The United States has been tinkering — in ways large and small — with its modern defense establishment since the end of World War II. The tension at the heart of these changes is achieving unity of effort on the one hand and creating the conditions for the development of specialized expertise on the other. Virtually every president since Harry Truman has tasked an outside commission to review the nation’s defense organization and recommend reforms. Though the resulting reports have varied in their overall emphasis, such commissions typically decry the nation’s lack of preparedness in one respect or another and tend to attribute the latest disaster(s) to organizational deficiencies.

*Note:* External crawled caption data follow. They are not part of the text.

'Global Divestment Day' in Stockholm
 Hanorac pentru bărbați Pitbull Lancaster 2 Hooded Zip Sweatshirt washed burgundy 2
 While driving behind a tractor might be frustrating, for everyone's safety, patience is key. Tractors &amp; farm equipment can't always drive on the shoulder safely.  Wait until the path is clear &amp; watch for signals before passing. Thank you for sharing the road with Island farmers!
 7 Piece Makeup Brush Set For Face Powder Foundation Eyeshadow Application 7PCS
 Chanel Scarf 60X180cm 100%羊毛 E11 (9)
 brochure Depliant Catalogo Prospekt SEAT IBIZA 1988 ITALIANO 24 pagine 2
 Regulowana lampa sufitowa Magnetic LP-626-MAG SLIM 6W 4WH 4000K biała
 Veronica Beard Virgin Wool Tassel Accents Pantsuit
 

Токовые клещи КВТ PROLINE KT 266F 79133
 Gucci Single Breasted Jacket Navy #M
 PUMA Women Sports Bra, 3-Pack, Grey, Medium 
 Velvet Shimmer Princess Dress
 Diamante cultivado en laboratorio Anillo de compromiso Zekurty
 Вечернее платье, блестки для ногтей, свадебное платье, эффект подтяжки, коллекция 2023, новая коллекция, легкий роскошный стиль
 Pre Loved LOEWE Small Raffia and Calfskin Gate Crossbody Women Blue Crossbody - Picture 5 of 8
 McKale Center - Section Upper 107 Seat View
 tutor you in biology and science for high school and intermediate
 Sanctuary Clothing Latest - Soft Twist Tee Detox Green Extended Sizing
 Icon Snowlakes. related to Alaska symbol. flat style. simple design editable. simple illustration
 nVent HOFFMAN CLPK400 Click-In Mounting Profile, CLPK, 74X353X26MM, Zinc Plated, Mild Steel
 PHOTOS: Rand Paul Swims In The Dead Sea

Sometimes, reorganization has been arguably in order. But in the spirit of don’t-hate-the player-hate-the-game, it has also served as a useful mechanism to avoid assigning blame to any one service, individual, administration, or Congress for a given debacle, from Pearl Harbor to Desert One. Or, as Charlton Ogburn wrote in 1957, “perhaps because we [Americans] are so good at organizing, we tend as a nation to meet any new situation by reorganizing; and a wonderful method it can be for creating the illusion of progress while producing confusion, inefficiency, and demoralization.”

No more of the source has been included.